The twenty-first edition of the Caribbean Series (Serie del Caribe) was played in . It was held from February 4 through February 9 with the champions teams from the Dominican Republic, Águilas Cibaeñas; Mexico, Tomateros de Culiacán; Puerto Rico, Indios de Mayagüez and Venezuela, Leones del Caracas.

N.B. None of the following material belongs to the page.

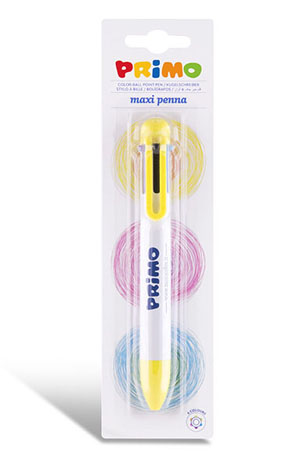 Primo 6x Colour Ball Point Pen - 1x Per Blister Pack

The format consisted of 12 games, each team facing the other teams twice, and the games were played at Estadio Teodoro Mariscal in Mazatlán, Mexico.

==Summary==

Final standings
| | Club | W | L | W/L % | GB | Managers |
| | Puerto Rico | 5 | 1 | .833 | – | Rene Lachemann |
| | Dominican Republic | 3 | 3 | .500 | 2.0 | Johnny Lipon |
| | Venezuela | 3 | 3 | .500 | 2.0 | Felipe Alou |
| | Mexico | 1 | 5 | .167 | 4.0 | Raúl Cano |

Individual leaders
| Player/Club | Statistic | |
| José Morales / PUR | Batting average | .421 |
| Bob Molinaro / VEN | Runs | 6 |
| Bob Molinaro / VEN José Morales / PUR | Hits | 8 |
| Gonzalo Márquez / VEN | Doubles | 2 |
| Ramón Avilés / PUR | Triples | 1 |
| Leon Roberts / VEN | Home runs | 2 |
| Leon Roberts / VEN | Runs batted in | 6 |
| Eight tied | Stolen bases | 1 |
| Diego Seguí / VEN | Wins | 2 |
| Diego Seguí / VEN | Strikeouts | 17 |
| Danny Darwin / PUR Paul Mirabella / VEN | ERA | 0.00 |
| Four tied | Saves | 1 |
| Odell Jones / DOM Diego Seguí / VEN | Innings pitched | 12.0 |
Awards
| José Morales / PUR | Most Valuable Player | |
| Rene Lachemann / PUR | Manager | |

All-Star Team
| Name/Club | Position |
| Rick Sweet / PUR | catcher |
| Raúl Colón / PUR | first baseman |
| Ramón Avilés / PUR | second baseman |
| Carlos Romero / PUR | shortstop |
| Kurt Bevacqua / PUR | third baseman |
| Leon Roberts / VEN | left fielder |
| Tony Armas / VEN | center fielder |
| Bombo Rivera / VEN | right fielder |
| José Morales / PUR | designated hitter |
| Danny Darwin / PUR | RH pitcher |
| Paul Mirabella / VEN | LH pitcher |
| Rene Lachemann / PUR | manager |

===Scoreboards===
====Game 1, February 4====

| Team | 1 | 2 | 3 | 4 | 5 | 6 | 7 | 8 | 9 | R | H | E |
| Puerto Rico | 0 | 0 | 0 | 0 | 2 | 0 | 0 | 0 | 0 | 2 | 10 | 0 |
| Dominican Republic | 0 | 0 | 0 | 0 | 0 | 0 | 0 | 0 | 0 | 0 | 5 | 0 |
WP: Danny Darwin (1-0) LP: Al Holland (0-1) Home runs: PUR: Jim Dwyer (1) DOM: None Notes: Darwin pitched a complete game shutout.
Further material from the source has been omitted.